When these conditions are present, it won’t be long before the righteous and unrighteous will meet at the intersection of sin. In the context of the passage above, a believer and non-believer partake in a shocking sex scandal. Instead of accusing an unbelieving mother, the apostle Paul places the blame on a wayward Christian who disregarded a vow to put to death his former way of life. This unfortunate event gives Paul an opportunity to discuss the biblical view of judging others. As a former high school Bible teacher, judging is one of the most misunderstood concepts today.

God alone sits in judgment on those who are outside. Drive out that wicked one from among you [expel him from your church], 1 Corinthians 5:13.

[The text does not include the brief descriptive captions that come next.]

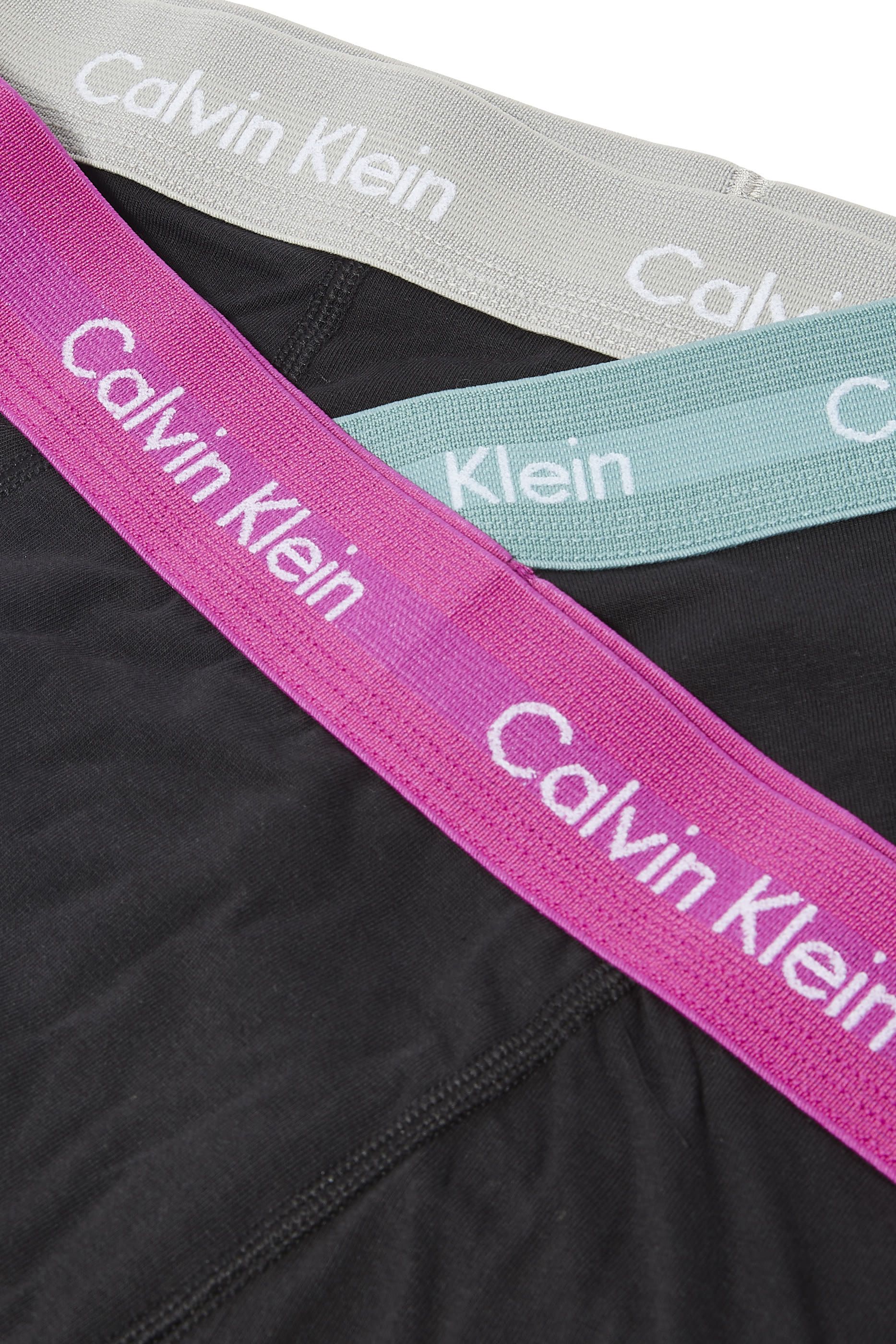 Cotton Stretch Trunks, Set of 3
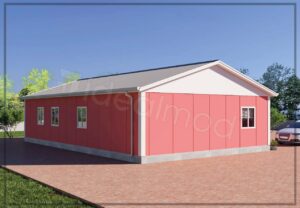 136 m² Prefabricated Office 9 136 m² Prefabricated Office - Image 4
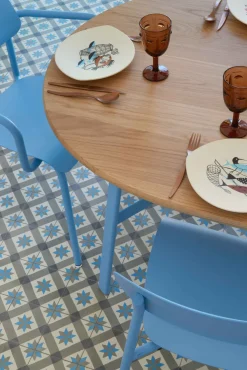 TABLE CHÊNE OVALE 220 X 95 CM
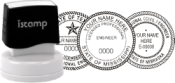 istamp® Pre-Inked Architect/Engineer Seal (1-3/4in. diameter)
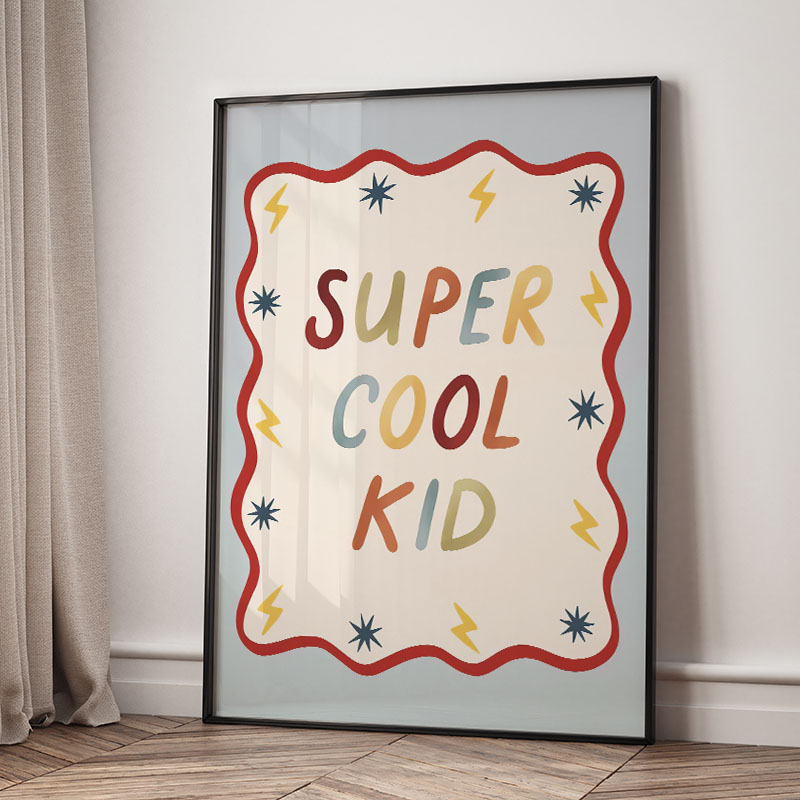 Funny Cartoon Super Cool Kid N - Baby Nursery Items incelemesi ve fiyatı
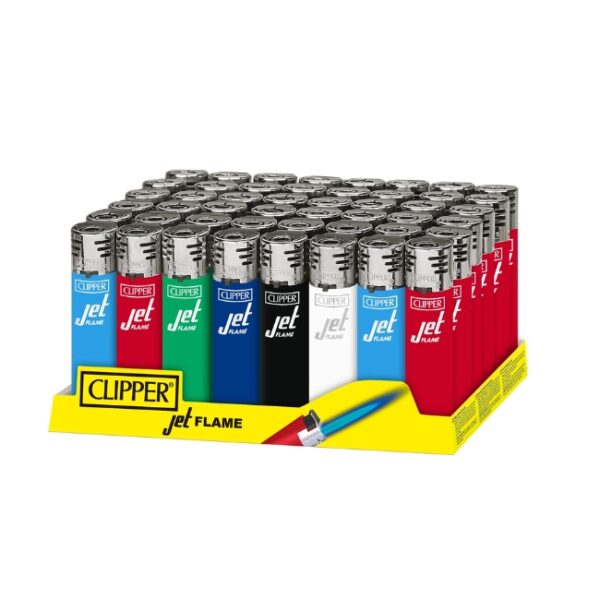 CLIPPER CLASSIC LARGE JET FLAME SOLID ASSORTED LIGHTER 48CT/ DISPLAY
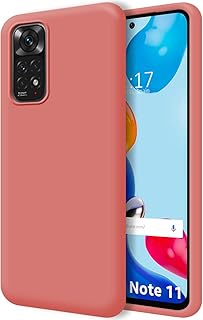 Tumundosmartphone Funda Silicona Líquida Ultra Suave para Xiaomi Redmi Note 11 / 11S Color Rosa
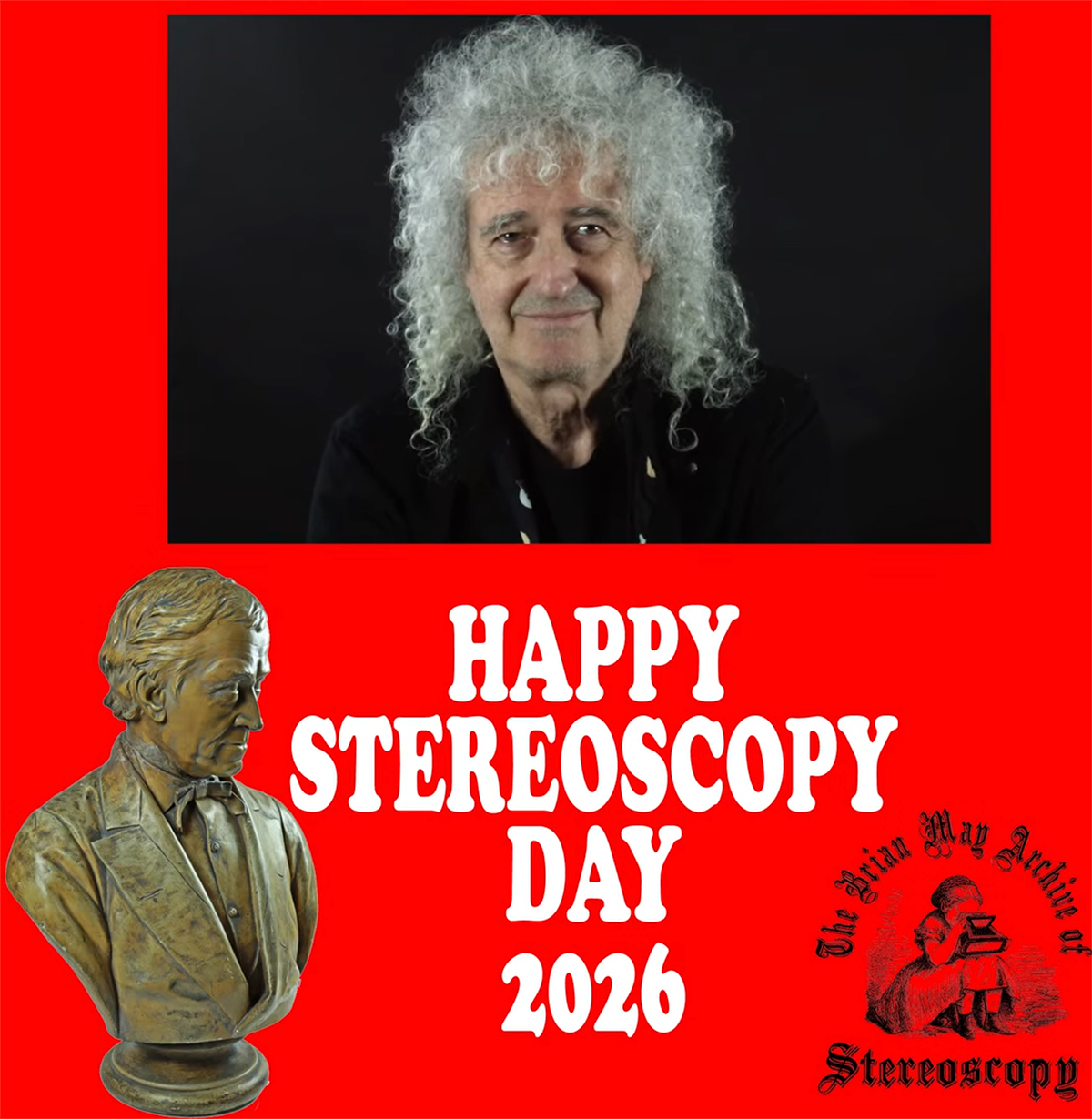 Brian May - Happy Stereoscopy Day 2026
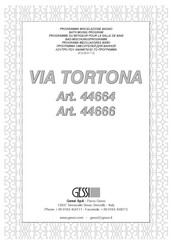 Gessi VIA TORTONA 44664 Manual De Instrucciones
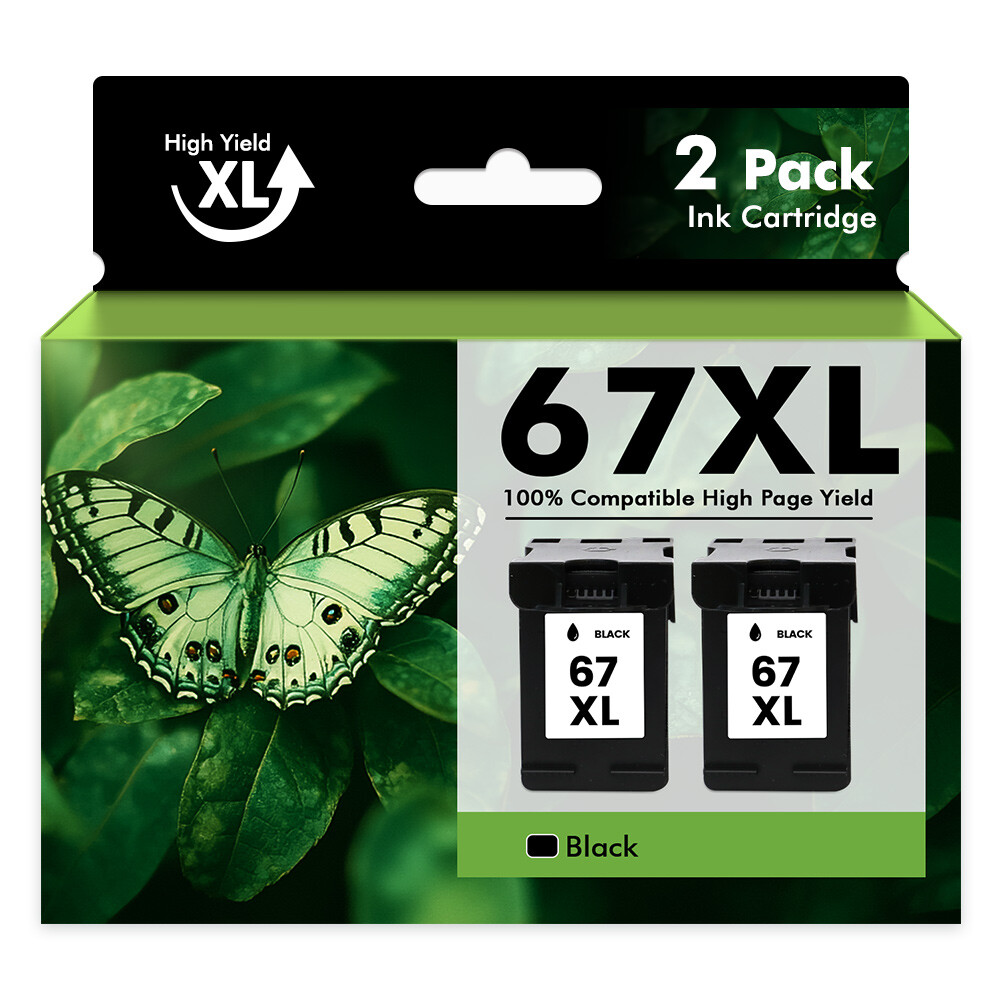 67XL Ink Cartridge for HP 67 Deskjet 2700 2700e 2755e 2800e 2855e 4155e Printer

Since atheists, the worldly and un-churched haven’t accepted or believe in the Bible, they follow different standards. Subsequently, Paul states that only God is allowed to judge those outside of church. As for Christians who have been baptized, made statements of faith and verbally profess a desire to follow Jesus, the church is the forum for judging believers. The purpose for church discipline isn’t to shun the wicked. Rather, Jesus introduces a 3 step process for the wayward, Matthew 18:15-18. Known as the Matthew 18 principle, this is God’s plan for driving out wickedness.